2. 2000-2003 - NSF Grant #9909591 – "Bringing out the Algebraic Character of Arithmetic":
   Intervention II was implemented in four classrooms (69 students total) with whom we worked from the second semester in 2nd grade to the end of 4th grade, implementing one weekly 90-minute EA lesson (see Brizuela & Earnest, 2007; Carraher, Schliemann, Brizuela, & Earnest, 2006; Carraher, Schliemann, & Schwartz, 2008; Schliemann, Carraher, Brizuela, Earnest, Goodrow, Lara-Roth, & Peled, 2003).
3. 2003-2006 - NSF-ROLE #0310171 – "Algebra in Early Mathematics":
   In Intervention III we worked with 26 students from 3rd to 5th grade. In 3rd and 4th grades we implemented two weekly 60-minute lessons followed each with a homework assignment and 30-minute homework review sessions (50 lessons in third grade and 36 lessons in fourth grade). In 5th grade, we implemented 18 lessons throughout the year; each weekly lesson was 90 minutes long and was followed by a homework assignment and a 45-minute homework review session (see Carraher & Schliemann, 2007; Carraher, Schliemann, & Brizuela, 2008; Carraher, Martinez, & Schliemann, 2008; Martinez & Brizuela, 2006).
4. 2007-2011 – NSF-REESE #REC-0633915 – "The Impact of Early Algebra on Later Algebra Learning":
   In this project, we followed up a subset of our experimental group of students from study #3 into middle school, exploring the impacts of our 3rd to 5th grade intervention over time.

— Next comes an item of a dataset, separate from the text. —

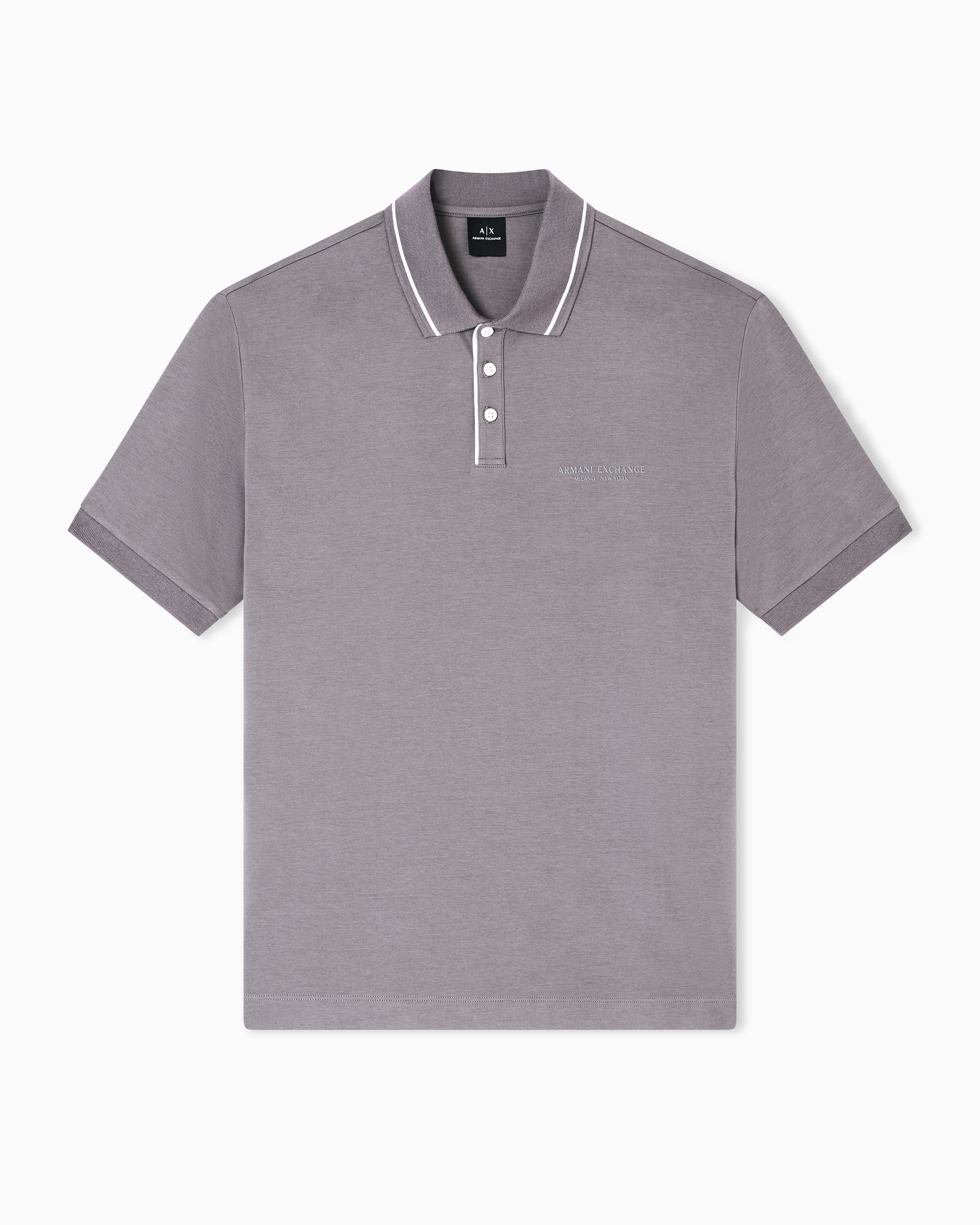 Armani Exchange - Regular fit polo shirt in stretch jersey, Man, Grey, Size: M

For this purpose, we implemented an Algebra Summer Camp in Summer 2008 and Summer 2009. For publications, see Brizuela, Martinez, & Cayton, 2013; Schliemann, Carraher, & Brizuela, 2012).
5. 2011-2014 – NSF DRK-12 #1154355 (sub-contract with TERC) – "Children's Understanding of Functions in Grades K-2":
   This research project addresses how children in grades K-2 understand concepts associated with functions—particularly as these concepts relate to different representational tools (e.g. natural language, algebraic notation, tables, and Cartesian coordinate tools). We studied how students are able to coordinate co-varying data and identify and express relationships with such data—particularly examining the connections between their thinking about recursive patterning and co-varying relationships and correspondence relationships.
6. 2014-2017 – NSF DRK-12 #1415509 (sub-contract with TERC) - "Learning Trajectories in Grades K-2 Children's Understanding of Algebraic Relationships":
   This research project's goal was to identify levels of sophistication in children's thinking as it develops through instruction. Understanding how children's thinking develops can provide a critical foundation for designing curricula, developing content standards, and informing educational policies, all in ways that can help children become successful in algebra and have wide access to STEM-related careers.